## [EXERCISE DIRECTIONS]
What you return has to match the listing below line for line.

───── RECORDS TO USE

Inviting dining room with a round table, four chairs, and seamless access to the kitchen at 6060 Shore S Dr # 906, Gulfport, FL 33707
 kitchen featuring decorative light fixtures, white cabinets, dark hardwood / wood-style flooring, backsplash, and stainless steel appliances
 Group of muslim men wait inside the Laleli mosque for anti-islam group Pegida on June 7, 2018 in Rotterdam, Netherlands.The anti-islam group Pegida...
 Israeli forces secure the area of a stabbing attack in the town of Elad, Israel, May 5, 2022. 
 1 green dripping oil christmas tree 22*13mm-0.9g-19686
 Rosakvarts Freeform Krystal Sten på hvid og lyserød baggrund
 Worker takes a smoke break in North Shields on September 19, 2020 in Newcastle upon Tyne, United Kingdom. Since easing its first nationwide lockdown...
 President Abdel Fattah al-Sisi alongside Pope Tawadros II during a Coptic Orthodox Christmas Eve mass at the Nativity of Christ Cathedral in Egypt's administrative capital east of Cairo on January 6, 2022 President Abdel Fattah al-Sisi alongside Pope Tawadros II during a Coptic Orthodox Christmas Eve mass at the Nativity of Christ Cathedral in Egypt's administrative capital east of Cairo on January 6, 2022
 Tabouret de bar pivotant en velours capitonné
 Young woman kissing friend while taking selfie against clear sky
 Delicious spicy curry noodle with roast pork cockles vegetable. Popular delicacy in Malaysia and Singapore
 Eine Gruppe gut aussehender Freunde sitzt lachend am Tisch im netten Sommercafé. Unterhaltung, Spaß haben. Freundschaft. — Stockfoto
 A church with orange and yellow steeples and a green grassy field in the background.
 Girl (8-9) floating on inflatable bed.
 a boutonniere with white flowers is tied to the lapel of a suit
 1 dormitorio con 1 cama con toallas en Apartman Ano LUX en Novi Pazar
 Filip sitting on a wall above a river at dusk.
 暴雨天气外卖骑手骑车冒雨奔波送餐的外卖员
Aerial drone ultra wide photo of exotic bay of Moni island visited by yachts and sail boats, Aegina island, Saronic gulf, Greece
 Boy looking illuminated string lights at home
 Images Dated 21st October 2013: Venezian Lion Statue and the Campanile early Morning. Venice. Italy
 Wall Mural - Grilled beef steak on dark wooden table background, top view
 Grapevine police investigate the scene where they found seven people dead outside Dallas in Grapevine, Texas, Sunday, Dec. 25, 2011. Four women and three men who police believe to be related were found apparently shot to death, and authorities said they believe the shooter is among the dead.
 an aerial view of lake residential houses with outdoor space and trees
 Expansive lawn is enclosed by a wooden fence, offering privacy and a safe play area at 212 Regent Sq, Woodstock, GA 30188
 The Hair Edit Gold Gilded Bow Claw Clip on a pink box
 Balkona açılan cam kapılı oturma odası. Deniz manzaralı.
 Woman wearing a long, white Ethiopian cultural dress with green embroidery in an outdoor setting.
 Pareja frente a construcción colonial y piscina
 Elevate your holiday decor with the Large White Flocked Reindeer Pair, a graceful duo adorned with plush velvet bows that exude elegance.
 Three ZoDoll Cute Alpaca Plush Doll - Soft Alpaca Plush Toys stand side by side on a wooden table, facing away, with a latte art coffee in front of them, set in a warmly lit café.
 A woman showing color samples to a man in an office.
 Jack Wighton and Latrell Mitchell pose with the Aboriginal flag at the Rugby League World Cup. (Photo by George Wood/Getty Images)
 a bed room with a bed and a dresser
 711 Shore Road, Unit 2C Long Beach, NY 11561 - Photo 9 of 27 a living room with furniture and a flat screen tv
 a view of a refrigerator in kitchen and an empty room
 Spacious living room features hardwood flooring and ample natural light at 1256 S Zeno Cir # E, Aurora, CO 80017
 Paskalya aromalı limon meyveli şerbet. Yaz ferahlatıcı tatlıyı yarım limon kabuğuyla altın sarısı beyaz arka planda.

──────────

## [WRITTEN REPLY]
Inviting dining room with a round table, four chairs, and seamless access to the kitchen at 6060 Shore S Dr # 906, Gulfport, FL 33707
 kitchen featuring decorative light fixtures, white cabinets, dark hardwood / wood-style flooring, backsplash, and stainless steel appliances
 Group of muslim men wait inside the Laleli mosque for anti-islam group Pegida on June 7, 2018 in Rotterdam, Netherlands.The anti-islam group Pegida...
 Israeli forces secure the area of a stabbing attack in the town of Elad, Israel, May 5, 2022. 
 1 green dripping oil christmas tree 22*13mm-0.9g-19686
 Rosakvarts Freeform Krystal Sten på hvid og lyserød baggrund
 Worker takes a smoke break in North Shields on September 19, 2020 in Newcastle upon Tyne, United Kingdom. Since easing its first nationwide lockdown...
 President Abdel Fattah al-Sisi alongside Pope Tawadros II during a Coptic Orthodox Christmas Eve mass at the Nativity of Christ Cathedral in Egypt's administrative capital east of Cairo on January 6, 2022 President Abdel Fattah al-Sisi alongside Pope Tawadros II during a Coptic Orthodox Christmas Eve mass at the Nativity of Christ Cathedral in Egypt's administrative capital east of Cairo on January 6, 2022
 Tabouret de bar pivotant en velours capitonné
 Young woman kissing friend while taking selfie against clear sky
 Delicious spicy curry noodle with roast pork cockles vegetable. Popular delicacy in Malaysia and Singapore
 Eine Gruppe gut aussehender Freunde sitzt lachend am Tisch im netten Sommercafé. Unterhaltung, Spaß haben. Freundschaft. — Stockfoto
 A church with orange and yellow steeples and a green grassy field in the background.
 Girl (8-9) floating on inflatable bed.
 a boutonniere with white flowers is tied to the lapel of a suit
 1 dormitorio con 1 cama con toallas en Apartman Ano LUX en Novi Pazar
 Filip sitting on a wall above a river at dusk.
 暴雨天气外卖骑手骑车冒雨奔波送餐的外卖员
Aerial drone ultra wide photo of exotic bay of Moni island visited by yachts and sail boats, Aegina island, Saronic gulf, Greece
 Boy looking illuminated string lights at home
 Images Dated 21st October 2013: Venezian Lion Statue and the Campanile early Morning. Venice. Italy
 Wall Mural - Grilled beef steak on dark wooden table background, top view
 Grapevine police investigate the scene where they found seven people dead outside Dallas in Grapevine, Texas, Sunday, Dec. 25, 2011. Four women and three men who police believe to be related were found apparently shot to death, and authorities said they believe the shooter is among the dead.
 an aerial view of lake residential houses with outdoor space and trees
 Expansive lawn is enclosed by a wooden fence, offering privacy and a safe play area at 212 Regent Sq, Woodstock, GA 30188
 The Hair Edit Gold Gilded Bow Claw Clip on a pink box
 Balkona açılan cam kapılı oturma odası. Deniz manzaralı.
 Woman wearing a long, white Ethiopian cultural dress with green embroidery in an outdoor setting.
 Pareja frente a construcción colonial y piscina
 Elevate your holiday decor with the Large White Flocked Reindeer Pair, a graceful duo adorned with plush velvet bows that exude elegance.
 Three ZoDoll Cute Alpaca Plush Doll - Soft Alpaca Plush Toys stand side by side on a wooden table, facing away, with a latte art coffee in front of them, set in a warmly lit café.
 A woman showing color samples to a man in an office.
 Jack Wighton and Latrell Mitchell pose with the Aboriginal flag at the Rugby League World Cup. (Photo by George Wood/Getty Images)
 a bed room with a bed and a dresser
 711 Shore Road, Unit 2C Long Beach, NY 11561 - Photo 9 of 27 a living room with furniture and a flat screen tv
 a view of a refrigerator in kitchen and an empty room
 Spacious living room features hardwood flooring and ample natural light at 1256 S Zeno Cir # E, Aurora, CO 80017
 Paskalya aromalı limon meyveli şerbet. Yaz ferahlatıcı tatlıyı yarım limon kabuğuyla altın sarısı beyaz arka planda.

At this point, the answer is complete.